NEW YORK (1010 WINS/WCBS 880) — A spike in subway crime has struck New York City in the beginning of 2024, prompting the NYPD to extend officers’ schedules to 12-hour tours, a jump that Mayor Eric Adams said is intended to provide "more visibility, more movement."
According to the latest CompStat data, last updated on Feb.
18, there has been an 18.3% increase in transit crime citywide year-to-date.
The surge has not gone unnoticed, with violent subway crimes—like the slashing of a Brazilian tourist in Queens and a mass shooting that killed one and injured five others in the Bronx—making headlines in recent weeks.
To address the crime spree in an immediate fashion, Adams said that NYPD First Deputy Commissioner Tania Kinsella, along with the chief of transit police, put the 12-hour shifts in place.
"We want officers walking through the trains, being at the platforms, being near the token booth and identifying where the crime is actually taking place," Adams said at his weekly media availability on Tuesday. "And we're seeing a substantial amount of that crime taking place on our subways."

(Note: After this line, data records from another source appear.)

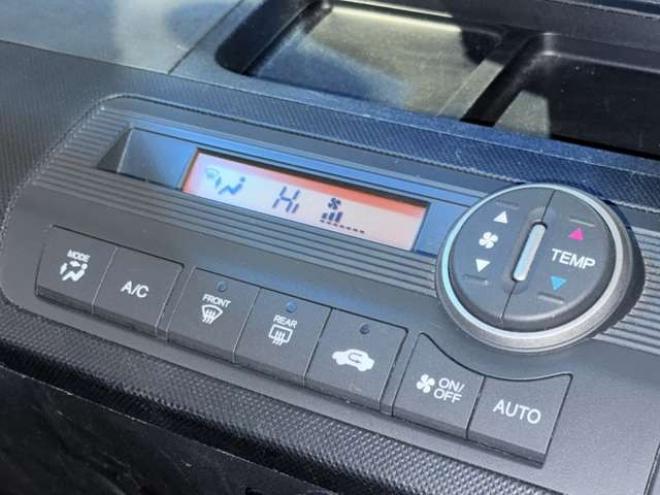 フリードスパイクハイブリッド1.5 ジャストセレクション　下廻防錆キーレスETC 2WD 1500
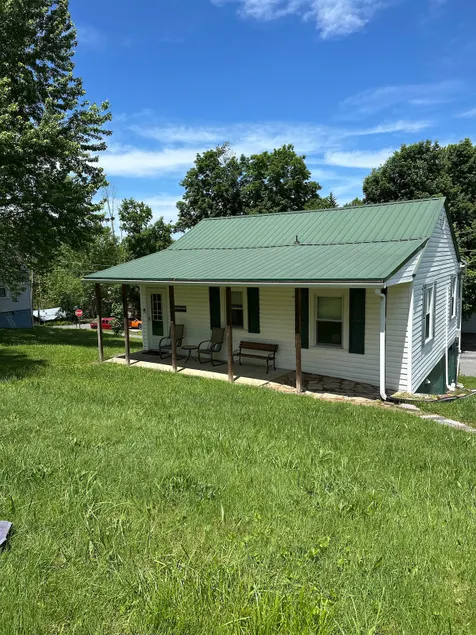 Emerald Cottage Walk downtown! - Image 1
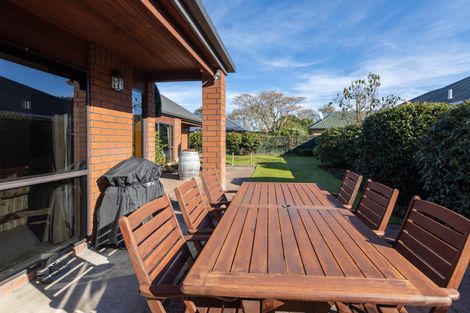 Photo of property in 22 Berkshire Drive, Avonhead, Christchurch, 8042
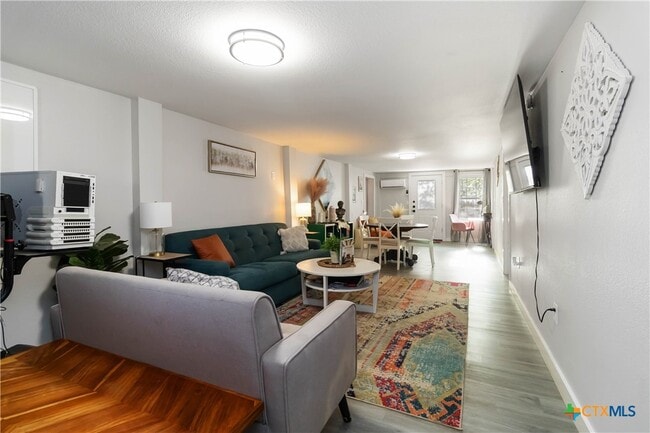 property at 2495 Lakeshore Dr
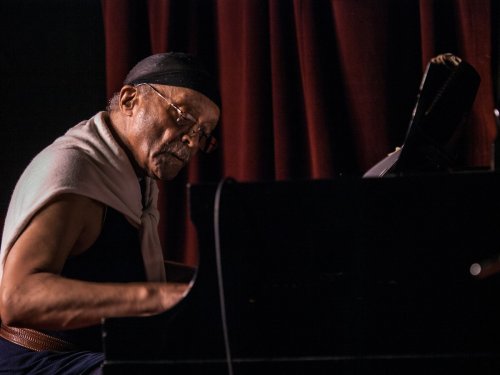 Cecil Taylor by Peter Gannushkin downtownmusic.net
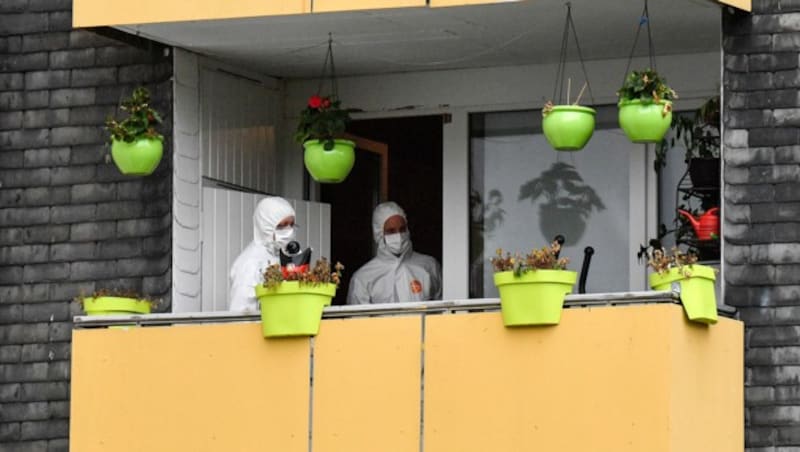 Ermittler der Spurensicherung auf dem Balkon der Wohnung (Bild: AP)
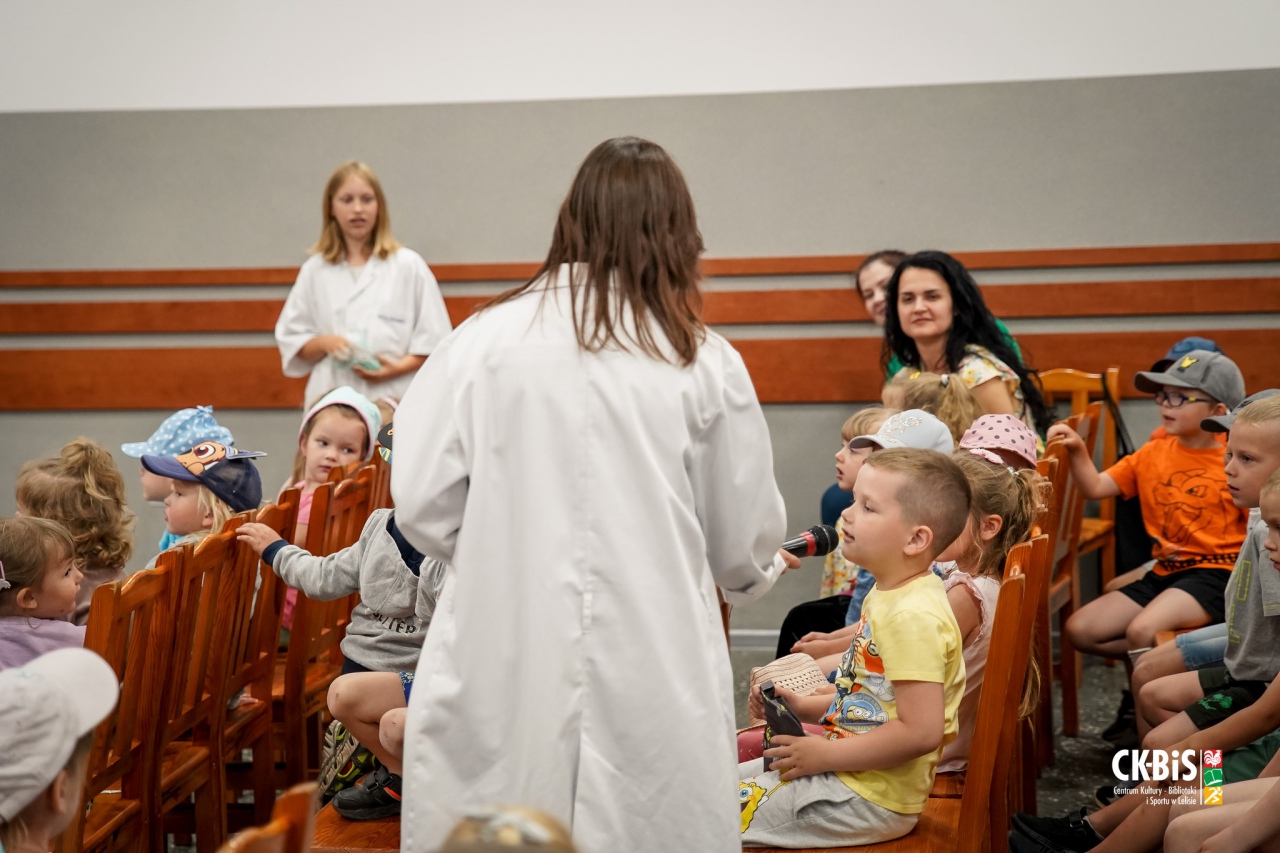 Spektakl grupy teatralnej CK-BiS w Lelisie Jedno życie mamy więc o zdrowie dbamy - zdjęcie #32 - eOstroleka.pl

Adams presented the schedule shift as a return to strategies used in his 2022 Safety Plan that saw cops flood the subway system, despite funding for the program drying up.
Hizzoner said that he hopes to engage in conversation with the head of the transit authority and the governor’s office to receive "a complement of support" for additional overtime for officers.
In addition to providing more visibility, Adams said that officials are finding that officers have more days off when they work longer tours, making the change "good for morale, good for actions, good for the movement of the officers."
"The goal is our subway system has to be safe," Adams said. "Proportionally, the number of riders that we have, we are capping over four million riders. We have about six felonies a day on our subway system. That's six too many, we want to get down to zero."